We have random variable $T$ exponentially distributed with mean $\mu$. Assume that set $\mathbb R$ is divided by intervals of length L. Therefore, our variable $T$ falls into one of the following intervals: $(0;L],(L ; 2L], (2L,3L],\dots,(iL,(i+1)L],\dots$
Question: Find average distance between $T$ and the right bound of interval where it fell.
for example, if L = 0,05 and in one moment T = 0.17 then this distance equals 0.03, but I want to find average of those distances if T is distributed with exponential law.
My solution: Exponential law: $$\mathbb P(T\leq x)=F_{exp}(x) =\begin{cases} 1-e^{-\frac{x}{\mu}} ,\, x\geq 0;\\0,\ otherwise.\end{cases}$$
So our intervals correspond to the following probability of falling into them respectively: $$ \mathbb P(0 \leq T\leq L) = F_{exp} (L) - F_{exp}(0),\ldots, \mathbb P(iL \leq T \leq (i+1) L) = F_{exp} ((i+1)L) - F_{exp}(iL)\dots $$
I think that my desirable thing is: $$ \mathbb E T =\sum_{i=0}^{+\infty} \mathbb E (T\,|\, iL\leq T \leq (i+1)L) \cdot \mathbb P(iL \leq T \leq (i+1) L), $$ where $(T\,|\, iL\leq T \leq (i+1)L)$ --- average distance to the right bound of interval with number $i$ : $(iL;(i+1)L)$ with condition of falling in this $i$ interval. we have already found the second multiplier of every summand, So.
How to find the first conditional expectation?

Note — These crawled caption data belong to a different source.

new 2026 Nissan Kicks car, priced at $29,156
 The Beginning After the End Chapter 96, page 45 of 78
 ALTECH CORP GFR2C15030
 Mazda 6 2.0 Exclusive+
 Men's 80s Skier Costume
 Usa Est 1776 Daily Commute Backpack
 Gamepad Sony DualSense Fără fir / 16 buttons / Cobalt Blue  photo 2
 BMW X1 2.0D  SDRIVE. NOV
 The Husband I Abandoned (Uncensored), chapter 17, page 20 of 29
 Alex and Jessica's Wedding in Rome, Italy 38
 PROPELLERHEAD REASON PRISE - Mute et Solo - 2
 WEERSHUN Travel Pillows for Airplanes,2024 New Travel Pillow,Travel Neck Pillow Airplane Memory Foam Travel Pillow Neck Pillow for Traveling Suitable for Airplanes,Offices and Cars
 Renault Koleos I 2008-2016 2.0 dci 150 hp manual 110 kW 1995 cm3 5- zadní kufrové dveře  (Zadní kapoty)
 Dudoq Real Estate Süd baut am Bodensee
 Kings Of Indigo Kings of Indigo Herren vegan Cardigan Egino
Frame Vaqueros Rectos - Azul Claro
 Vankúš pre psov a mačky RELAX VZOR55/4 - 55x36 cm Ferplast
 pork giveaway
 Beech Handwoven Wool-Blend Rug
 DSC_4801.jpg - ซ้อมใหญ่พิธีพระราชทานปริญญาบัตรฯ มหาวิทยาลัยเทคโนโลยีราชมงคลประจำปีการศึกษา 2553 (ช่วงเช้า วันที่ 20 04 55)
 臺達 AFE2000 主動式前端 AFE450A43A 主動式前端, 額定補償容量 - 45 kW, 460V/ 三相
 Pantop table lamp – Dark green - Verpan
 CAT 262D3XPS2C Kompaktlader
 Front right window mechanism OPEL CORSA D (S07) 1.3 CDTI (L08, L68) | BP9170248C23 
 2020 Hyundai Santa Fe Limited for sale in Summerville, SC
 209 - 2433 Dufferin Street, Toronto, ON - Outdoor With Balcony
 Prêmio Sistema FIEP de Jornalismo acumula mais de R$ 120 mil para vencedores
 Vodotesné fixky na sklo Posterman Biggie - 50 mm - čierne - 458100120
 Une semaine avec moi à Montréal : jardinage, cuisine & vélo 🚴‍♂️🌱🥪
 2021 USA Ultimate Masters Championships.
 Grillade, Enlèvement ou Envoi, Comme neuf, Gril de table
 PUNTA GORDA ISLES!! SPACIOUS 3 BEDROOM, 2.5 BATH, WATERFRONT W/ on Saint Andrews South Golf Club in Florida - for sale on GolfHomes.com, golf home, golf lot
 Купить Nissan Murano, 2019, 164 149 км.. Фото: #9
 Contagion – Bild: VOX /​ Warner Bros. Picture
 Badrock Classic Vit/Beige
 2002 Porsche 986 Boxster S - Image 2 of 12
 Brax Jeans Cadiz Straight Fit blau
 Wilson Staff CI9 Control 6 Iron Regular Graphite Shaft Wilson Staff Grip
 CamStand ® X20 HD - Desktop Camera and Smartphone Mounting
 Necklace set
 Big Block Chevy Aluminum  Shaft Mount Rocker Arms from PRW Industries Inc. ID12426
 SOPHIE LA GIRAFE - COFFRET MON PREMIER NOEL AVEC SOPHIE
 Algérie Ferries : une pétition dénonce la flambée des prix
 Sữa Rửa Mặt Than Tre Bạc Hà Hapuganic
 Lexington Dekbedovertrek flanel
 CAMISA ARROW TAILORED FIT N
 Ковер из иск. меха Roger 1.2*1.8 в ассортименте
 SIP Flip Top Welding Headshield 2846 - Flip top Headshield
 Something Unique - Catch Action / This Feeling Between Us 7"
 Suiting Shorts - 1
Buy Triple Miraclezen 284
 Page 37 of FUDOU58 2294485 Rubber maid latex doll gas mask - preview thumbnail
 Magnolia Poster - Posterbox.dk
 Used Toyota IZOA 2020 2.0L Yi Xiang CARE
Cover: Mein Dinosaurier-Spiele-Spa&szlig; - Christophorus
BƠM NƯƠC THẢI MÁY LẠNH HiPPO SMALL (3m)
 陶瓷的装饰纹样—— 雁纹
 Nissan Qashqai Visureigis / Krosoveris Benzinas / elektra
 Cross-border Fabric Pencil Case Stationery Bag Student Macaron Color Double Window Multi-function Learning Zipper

I think that it is $$ \mathbb E (T\,|\, iL\leq T \leq (i+1)L) = L-\int_{iL}^{(i+1)L} x\cdot \frac{\frac{1}{\mu} e^{-\frac{x}{\mu}}}{\mathbb P(iL \leq T \leq (i+1) L)}\, dx $$ But it is wrong, I guess, because I don't like it :)
Update: Is this right? $$ \mathbb E ((i+1)L-T\,|\, iL\leq T \leq (i+1)L) = \int_{iL}^{(i+1)L} ((i+1)L-x)\cdot \frac{\frac{1}{\mu} e^{-\frac{x}{\mu}}}{\mathbb P(iL \leq T \leq (i+1) L)}\, dx $$
The random variable of interest is $$T^* = L\lceil T/L \rceil - T = (i+1)L - T, \quad T \in (iL, (i+1)L], \quad i = 0, 1, 2, \ldots,$$ where $L > 0$ is a known and fixed quantity representing the width of the intervals that partition the support of $T$. Therefore, $$\begin{align*} \operatorname{E}[T^*] &= \int_{t=0}^\infty (L \lceil t/L \rceil - t) f_T(t) \, dt \\ &= \sum_{i=0}^\infty \int_{t=iL}^{(i+1)L} ((i+1)L - t)\cdot \frac{e^{-t/\mu}}{\mu} \, dt \\ &= \left(\mu + (L-\mu) e^{L/\mu}\right)\sum_{i=0}^\infty e^{-(i+1)L/\mu} \\ &= \frac{\mu + (L - \mu) e^{L/\mu}}{e^{L/\mu} - 1}. \end{align*}$$ Note that this expression satisfies $$0 < \operatorname{E}[T^*] < L$$ for all $\mu > 0$, with $\operatorname{E}[T^*] \to L$ as $\mu \to 0^+$.